Na rua, a tese que mais se tem ouvido é a da competência da equipa. No fim do dia, para o bem ou para o mal, por convicção ou contrariados, o que parece contar é que "o PSD sabe fazer". Este suposto PSD depurado, a quem cortaram o espinho podre para nascerem rosas novas e viçosas e, num ápice, se curarem todos os males do mundo. O problema do PSD, faz-se por crer, era única e exclusivamente Jardim. Fora isso, é olhar de lés a lés e ver multiplicarem-se os quadros de elite altamente competentes e experimentados, capazes de navegar a ilha de olhos fechados, porque sabem-na melhor. Eu gostava de saber o quão bons temos de ser para ocultar uma dívida de 6 mil milhões de euros? Para pôr uma região a comer pão pior do que o diabo amassou - em impostos, em salários, em custo de vida - na segunda maior crise do século, porque era normal brincarem a deus? Para alimentar uma promiscuidade pornográfica entre política e negócios, que sempre se riu na cara da plebe contente? Para demonstrar um desrespeito democrático tão espectacular - pela Assembleia e pelas instituições, pela oposição e pelo contraditório, pela liberdade de pensamento e de imprensa -, que faria inveja a uma república africana subdesenvolvida? O quão bons temos de ser para saber fazer assim?
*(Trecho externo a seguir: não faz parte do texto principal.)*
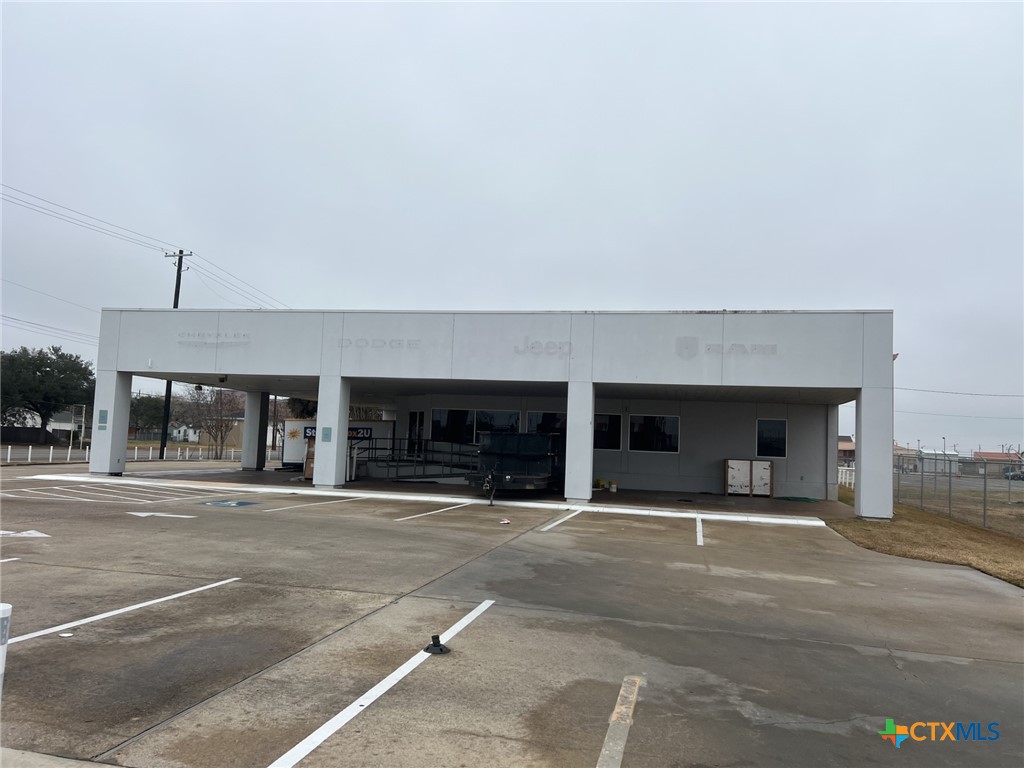 2203 Houston Hwy- A Highway Property Photo 2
É que a outra tese da rua é que a Oposição não presta. 40 anos deste poder e é a Oposição que não presta. 40 anos deste poder e uma única legislatura é, de repente, o único risco impossível de assumir. Sabem o que é difícil? Difícil é fazer pior. Se me perguntarem, digo que sim, que algumas opções teria tomado diferentes. E digo mais, digo que não tenho qualquer dúvida de que, quando for Governo, a Oposição também vai errar. Todavia, se a Madeira não fosse uma alucinação orwelliana do partido único, o que não era preciso explicar é que a alternância democrática é tão essencial como a própria Democracia. E que esse direito de falhar foi ganho, e devíamos ser nós a honrá-lo e a protegê-lo, para nosso próprio bem. Porque as pessoas têm de mudar, os ciclos, as visões e as cores têm de mudar, para nosso próprio bem. Nosso. Porque o Estado somos nós, a Providência somos nós e o futuro somos nós, e a única forma de os salvaguardar é se jamais voltarmos a tornar as pessoas maiores do que os cargos, como deixamos durante 40 anos. Se jamais tolerarmos que um partido e um Governo voltem a ser a mesma coisa. "Quem guardará os guardas?", perguntava Juvenal, na Roma Antiga. Somos nós, no dia em que provarmos que temos o poder de mudar, no dia em que percebermos que os partidos não são um clube, nem são uma maldita profissão de fé. Ter de explicar isto 2000 anos depois é uma tragédia muito maior do que qualquer dívida oculta.